Pero el saldo represivo creció. El 11J ha dejado al menos un fallecido, más de mil detenidos violentamente y centenares de condenados a penas que, en algunos casos, alcanzan las tres décadas en prisión. El ADN de la dictadura también se transformó. En este tiempo se estuvo organizando de forma calculada y fría para aplastar a su propio pueblo si se le ocurría tomar las calles. Invirtió millones en artilugios del terror, perfeccionó su policía política, compró sofisticados artefactos para monitorear las comunicaciones y capacitó aún más a sus jueces y fiscales para completar el trabajo de amordazar la voz popular.
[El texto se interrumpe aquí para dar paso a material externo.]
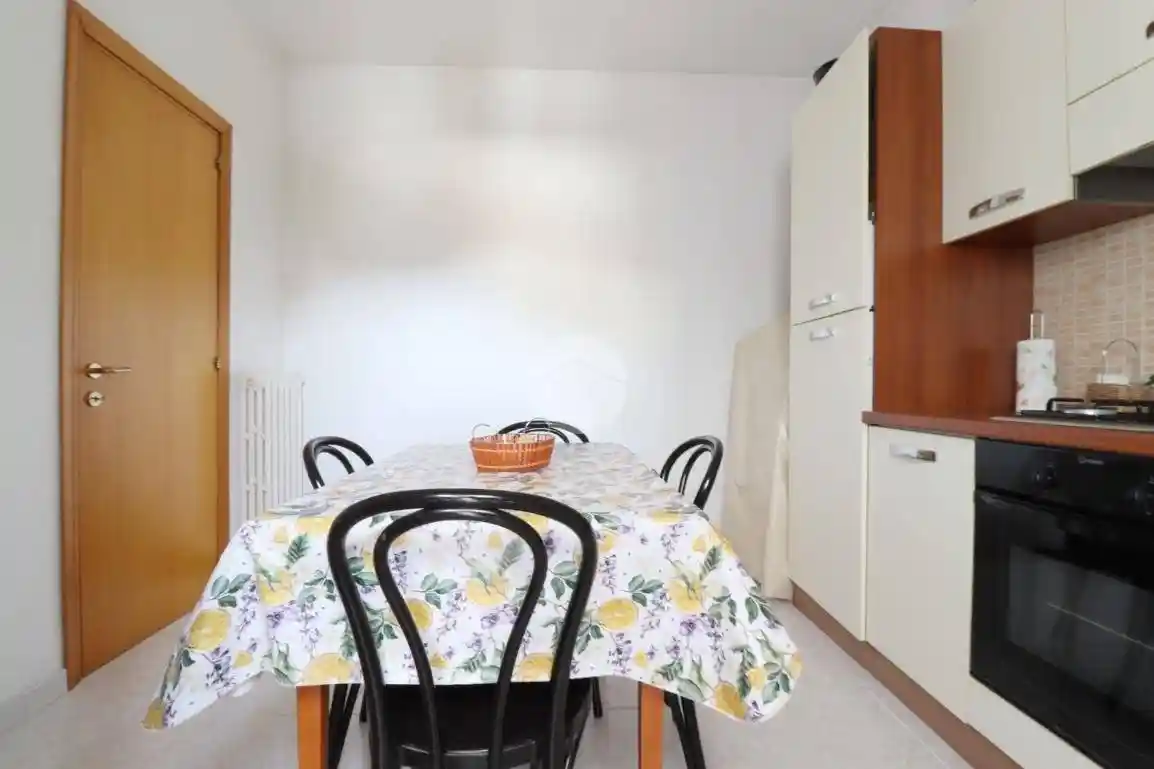 Quadrilocale viale Gran Sasso 8, Centro, Francavilla al Mare - foto 5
En casi tres décadas que separan una manifestación y otra, la indignación se desbordó desde una zona en la capital cubana a más de cuarenta puntos de la Isla. Ya no era un suceso local, sino una sacudida nacional
El 5 de agosto de 1994, cuando ya se había disuelto la protesta y el Malecón era una «zona segura» para la pasarela política, solo entonces, llegó un Fidel Castro enfundado en su uniforme verde olivo, para escuchar los vítores de los contramanifestantes que él mismo había enviado al lugar. Miguel Díaz-Canel protagonizó una escena aún más ridícula cuando le lanzaron una botella desde una azotea en San Antonio de los Baños aquel domingo de hace un año en que intentó remedar la anterior marcha de Castro y sus secuaces. Con miedo a un rechazo mayor, el ingeniero corrió a esconderse en el Palacio de Gobierno, desde donde pronunció la que será por siempre su peor y más famosa frase: «La orden de combate está dada».
Pero más allá de las diferencias y los cambios notables entre unos manifestantes y otros, hay líneas en común que unen al 11J y su padre, el Maleconazo. El hartazgo de la gente, la incapacidad del modelo político económico para proveer una vida digna, la superación del miedo personal en aras de un bien común y las ansias de un cambio democrático en la Isla son los cromosomas identitarios de ambos momentos. La criatura que está gestándose con ambas experiencias será más sofisticada y poderosa. Esperemos que también sea la definitiva.